His team is evaluating two approaches: direct cell delivery into the brain and a less invasive option that delivers cells to the brain through the nasal cavity. 

“The idea is to get therapeutic cells into the brain more quickly, without exposing patients to the risks that come with chemotherapy, radiation, or major surgery,” he says, “If this can be administered using existing clinical pathways, it becomes far more accessible for families and healthcare systems.”

Testing treatments in human-based models

To evaluate these approaches, Dr. Wenzel’s team is using human brain organoids, three-dimensional model cultures grown from human stem cells that replicate and model key features of the developing brain. 

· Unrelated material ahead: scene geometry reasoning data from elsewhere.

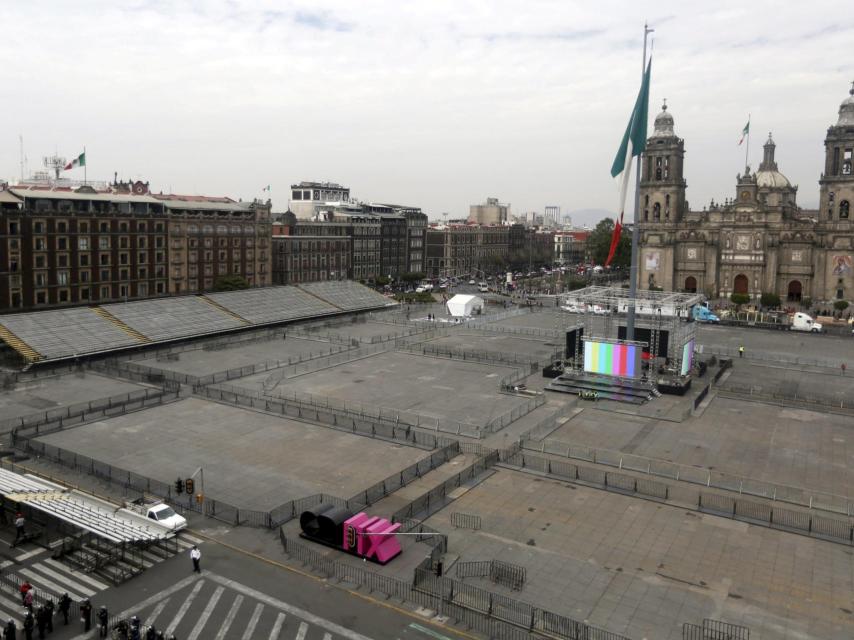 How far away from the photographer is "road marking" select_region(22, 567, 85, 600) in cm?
2470

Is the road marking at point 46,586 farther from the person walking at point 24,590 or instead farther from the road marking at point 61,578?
the person walking at point 24,590

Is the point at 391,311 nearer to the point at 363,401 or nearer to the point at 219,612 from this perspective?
the point at 363,401

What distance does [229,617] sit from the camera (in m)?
23.5

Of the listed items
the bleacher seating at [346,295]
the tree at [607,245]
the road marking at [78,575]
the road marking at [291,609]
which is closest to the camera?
the road marking at [291,609]

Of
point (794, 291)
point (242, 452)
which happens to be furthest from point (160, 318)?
point (794, 291)

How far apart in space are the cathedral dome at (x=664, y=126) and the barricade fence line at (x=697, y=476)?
102680mm

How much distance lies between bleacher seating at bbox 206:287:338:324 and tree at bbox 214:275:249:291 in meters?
8.90

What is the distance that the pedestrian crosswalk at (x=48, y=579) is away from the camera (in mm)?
24270

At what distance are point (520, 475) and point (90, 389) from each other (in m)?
35.9

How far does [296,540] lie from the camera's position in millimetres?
28703

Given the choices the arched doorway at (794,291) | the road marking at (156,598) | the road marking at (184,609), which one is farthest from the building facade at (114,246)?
the arched doorway at (794,291)

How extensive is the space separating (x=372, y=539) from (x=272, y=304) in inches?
2631

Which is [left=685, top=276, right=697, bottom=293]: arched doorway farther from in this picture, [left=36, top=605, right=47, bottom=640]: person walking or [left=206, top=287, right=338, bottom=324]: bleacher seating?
[left=36, top=605, right=47, bottom=640]: person walking

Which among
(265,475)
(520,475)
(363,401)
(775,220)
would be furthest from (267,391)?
(775,220) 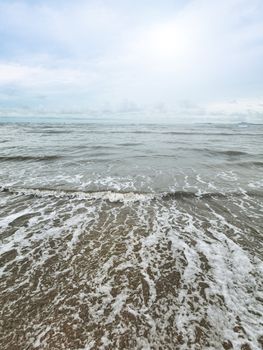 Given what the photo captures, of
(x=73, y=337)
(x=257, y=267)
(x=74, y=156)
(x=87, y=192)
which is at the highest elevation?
(x=73, y=337)

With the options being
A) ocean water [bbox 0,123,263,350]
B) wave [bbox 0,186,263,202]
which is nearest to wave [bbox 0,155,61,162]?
ocean water [bbox 0,123,263,350]

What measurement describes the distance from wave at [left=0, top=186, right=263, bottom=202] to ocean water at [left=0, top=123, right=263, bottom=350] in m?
0.04

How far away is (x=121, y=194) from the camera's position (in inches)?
370

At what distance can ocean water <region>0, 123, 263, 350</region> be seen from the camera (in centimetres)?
338

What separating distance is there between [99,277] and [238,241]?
12.4ft

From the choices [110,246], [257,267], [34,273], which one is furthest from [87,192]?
[257,267]

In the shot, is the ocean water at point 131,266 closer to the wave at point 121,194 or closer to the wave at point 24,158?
the wave at point 121,194

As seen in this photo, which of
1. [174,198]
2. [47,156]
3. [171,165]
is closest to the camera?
[174,198]

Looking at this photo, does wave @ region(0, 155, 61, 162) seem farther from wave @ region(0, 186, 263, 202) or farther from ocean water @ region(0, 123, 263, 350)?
wave @ region(0, 186, 263, 202)

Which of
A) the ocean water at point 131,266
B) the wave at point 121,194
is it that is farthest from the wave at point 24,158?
the wave at point 121,194

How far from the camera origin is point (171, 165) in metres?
15.1

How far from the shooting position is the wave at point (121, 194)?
9.08 metres

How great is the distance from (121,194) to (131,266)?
15.4ft

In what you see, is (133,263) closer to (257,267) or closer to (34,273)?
(34,273)
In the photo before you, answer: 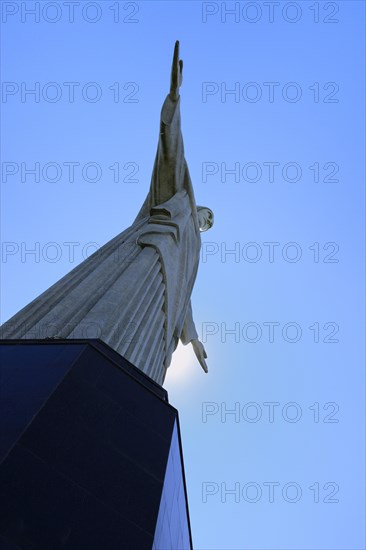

“Animal models are essential, but they don’t always reflect how a disease behaves in humans. With brain organoids, we can introduce the exact genetic mutation seen in patients and observe how the disease develops in a human system,” says Dr. Wenzel. 

By introducing healthy microglia into these models, the team can assess whether key disease features begin to change, providing early insight into whether the approach could translate to humans. 

“This helps us narrow down which strategies are worth pursuing before moving toward clinical studies,” he adds.

Building research with patients, clinicians, and the community

Dr. Wenzel is intentional about how the research is shaped beyond the lab.

“We’re not doing this in isolation,” he says, “Patients and families bring perspectives that researchers and clinicians simply don’t have on their own.” 

Dr. Wenzel’s team is involving children and their families early in the research. With help from Ally Farrell (Patient Partner Navigator), they’re building a safe, age‑appropriate way for families to take part in studies through the new Patient and Family Partner Program in the Department of Pediatrics—the first program of its kind in Saskatchewan.

“That kind of involvement makes the work better, and it keeps us focused on what actually matters to families,” Dr. Wenzel says. 

He also works closely with Saskatchewan-based clinicians, including metabolic specialists (Dr. Spencer Zwarych), pediatric endocrinologists (Dr. Mark Inman), and neurosurgeons (Dr. Michael Kelly), so the research aligns with current care pathways and future clinical realities.

Dr. Wenzel’s work shows how important it is for scientists and doctors to work closely together so that new discoveries made in the lab can be turned into real treatments that help patients.

“Having clinicians involved early changes how you design the science. You’re not just asking whether something works in theory, but whether it could realistically be used in practice,” Dr. Wenzel explains.

Building toward long-term impact

“Although X-ALD is rare, the broader approach we’re developing could be relevant for a range of pediatric neurological conditions currently treated with bone marrow transplants,” Dr. Wenzel says.

“If we can show it works for X-ALD, confirming it in other diseases becomes much more straightforward,” he adds. 

Ultimately, his vision is about improving both outcomes and quality of life for children and families. 

“My motivation is simple,” Dr. Wenzel says, “I want to make kids healthier. I want families to have more certainty and less stress. And I want treatments that work without creating lifelong complications.” 

Making the work possible

Support from SHRF has played an important role in launching this research program.

“This work would not have been possible without SHRF. The funding allowed us to bring clinicians, scientists, and patient partners together and move an idea we’ve been working toward for years into action,” Dr. Wenzel says. 

As the research progresses, Dr. Wenzel and his team are committed to sharing findings with clinicians, researchers, and families, with the long-term goal of ensuring children can receive timely, effective care closer to home. 

“We’re trying to build something that lasts,” he says, “Something that changes what’s possible for the next generation of kids.”